Since the 1994 genocide in Rwanda Batutsi are seen as victims and others as genocidaires (genocidaire is a French word which means those who commit genocide). Genocide means committing any of the following actions with intent to destroy in whole or in part, a national, ethnical, racial or religious group:
1. Killing members of the group;
2. Causing serious bodily or mental harm to members of the group;
3. Deliberately inflicting on the group conditions of life calculated to bring about its physical destruction in whole or in part;
4. Imposing measures intended to prevent births within the group;
5. Forcibly transferring children of the group to another group.
Batutsi have therefore taken advantage of international guilt over the 1994 genocide and subsequent protection against wrongdoing. Where condemnation has taken place it is minimal and has no effect. What is often forgotten in public discourse is that moderate Bahutu were targeted and massacred in the 1994 Rwanda genocide. To level the playing field, it is important to note that Batutsi have also committed genocide against Bahutu inside and outside Rwanda as the following cases from various sources illustrate.
1. “The first recorded case of genocide in the Great Lakes Region of Africa occurred not in Rwanda but in neighboring Burundi, 22 years before the more widely publicized 1994 bloodbath. The scale and targeting of the massacre, not to mention their purposefulness, leaves no doubt about their genocidal character. From May to July anywhere from 200,000 to 300,000 Hutu lost their lives at the hands of a predominantly Tutsi army in an orgy of killings triggered by an abortive Hutu insurrection. Though largely forgotten in the West, the events of 1972 remain deeply etched in the collective memory of the Hutu people, not only in Burundi but among the older generations of Hutu in Rwanda” (Samuel Totten et al., 2004)
2. “In the southern and southeastern regions of Butare, Kibungo and parts of Kigali prefectures, the situation was much more drastic. Gersony’s team uncovered shocking evidence of new killings that had occurred in the spring and early summer immediately following the expulsion of former government and militia elements. Butare and Kibungo included vast deserted areas. Ten thousand Tutsi returnees from recent and older times armed with spears and bow and arrows were present. These RPF actions were consistently reported to be conducted in areas where opposition forces of any kind, other than attempts by victims of these actions to escape, were absent. Large scale indiscriminate killings of men, women, and children, including the sick and the elderly, were consistently reported. Particularly random and violent were mass killings at meetings. Local residents, including whole families, were called to community meetings to receive information on security, food distribution, etc., and once a crowd assembled, they were assaulted with sudden sustained gunfire or locked in buildings into which hand grenades were thrown.
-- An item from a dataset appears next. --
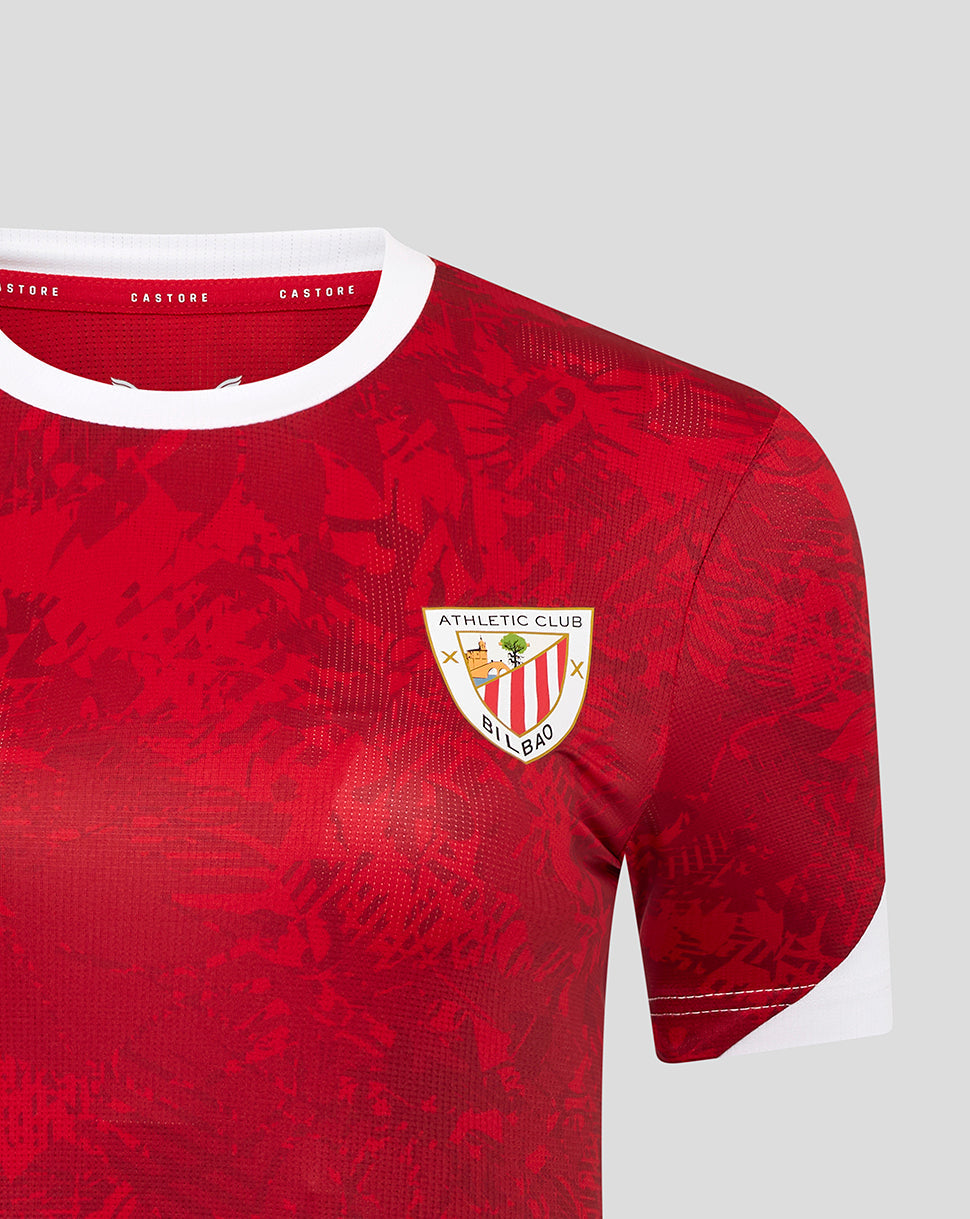 Close up of the red Athletic Club jersey showing the left chest crest and white sleeve cuff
There were also house –to-house killings, pursuits of hidden populations, and disposals of large numbers of bodies by the RPF. The team estimated that from late April and May through July more than 5,000 and perhaps as many as 10,000 per month might have been killed” ( Sadako Ogata 2005).
3. Inter-ethnic violence in Rwanda led to the January 1995 public debate between Prime Minister Faustin Twagiramungu and Vice President Paul Kagame but didn’t stop the violence, “which everybody knew about but which the UN remained blind to” (Gerard Prunier 2009). The violence eventually led to the Kibeho camp massacre of April 1995. The minister of the interior briefed the president, prime minister and vice president at a meeting about what happened at Kibeho camp. “Kagame told him [minister of the interior] with a straight face that in his capacity as defense minister he would make sure that things remained under control” (Prunier 2009). But they didn’t and Hutu internally displaced persons at the camp were massacred. An eyewitness reported:
4. “[There were] about 150,000 refugees standing shoulder to shoulder on a mountain plateau the size of three football fields… For the last sixty hours the refugees have been forced to relieve themselves where they stand or where they have fallen. … The two roads winding through the mountains to Kibeho have been closed. Food and water convoys from aid organizations are being stopped and sent back. The government has forbidden all refuge aid…. The first time I witness the consequences of the UN non-intervention policy I fly into a rage…. A group of refugees about six of them, break away from the crowd and start running into the valley. Rwandan troops start firing immediately. We see the refugee fall dead. I scream at Capt. Francis [Zambian officer] ‘Stop them! Do something!’ He answers: ‘We have been ordered to co-operate with the Rwandan authorities, not to shoot at them’. ‘Even if they kill innocent people before our eyes?’ ‘Yes,’ he answers”(Prunier 2009). It is estimated that some 8,000 Hutu men, women and children were targeted and massacred at Kibeho camp in April 1995 (EIR October, 1998).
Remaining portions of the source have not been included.